- [RECORDS FOR THIS TASK]
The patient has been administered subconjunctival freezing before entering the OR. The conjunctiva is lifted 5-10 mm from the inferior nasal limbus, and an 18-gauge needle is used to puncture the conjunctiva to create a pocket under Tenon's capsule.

* * *

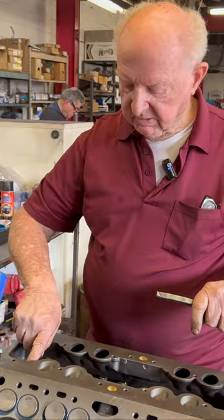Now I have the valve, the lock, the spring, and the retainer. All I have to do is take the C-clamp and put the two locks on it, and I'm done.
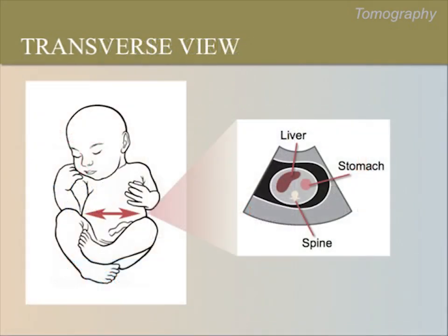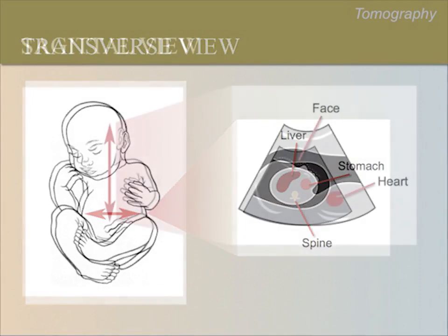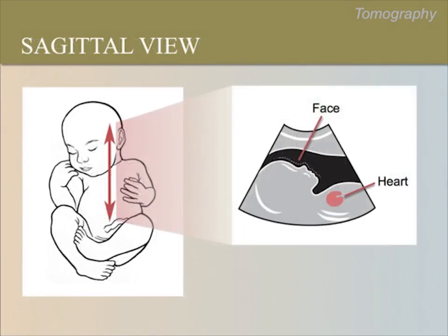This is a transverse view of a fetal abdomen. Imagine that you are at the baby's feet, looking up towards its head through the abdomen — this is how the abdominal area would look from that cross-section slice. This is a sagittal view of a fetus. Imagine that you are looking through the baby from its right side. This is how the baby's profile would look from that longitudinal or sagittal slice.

* * *

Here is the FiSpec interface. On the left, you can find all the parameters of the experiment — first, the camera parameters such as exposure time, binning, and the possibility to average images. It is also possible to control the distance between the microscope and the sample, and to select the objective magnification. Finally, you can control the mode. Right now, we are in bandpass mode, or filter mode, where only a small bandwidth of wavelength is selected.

- [WORK TO BE COMPLETED] Everything above from the line containing "Now I have the" through the line containing "This is a transverse" must be repeated exactly, and the pictures must be left out.

- [TASK ANSWER]
Now I have the valve, the lock, the spring, and the retainer. All I have to do is take the C-clamp and put the two locks on it, and I'm done.
This is a transverse view of a fetal abdomen. Imagine that you are at the baby's feet, looking up towards its head through the abdomen — this is how the abdominal area would look from that cross-section slice. This is a sagittal view of a fetus. Imagine that you are looking through the baby from its right side. This is how the baby's profile would look from that longitudinal or sagittal slice.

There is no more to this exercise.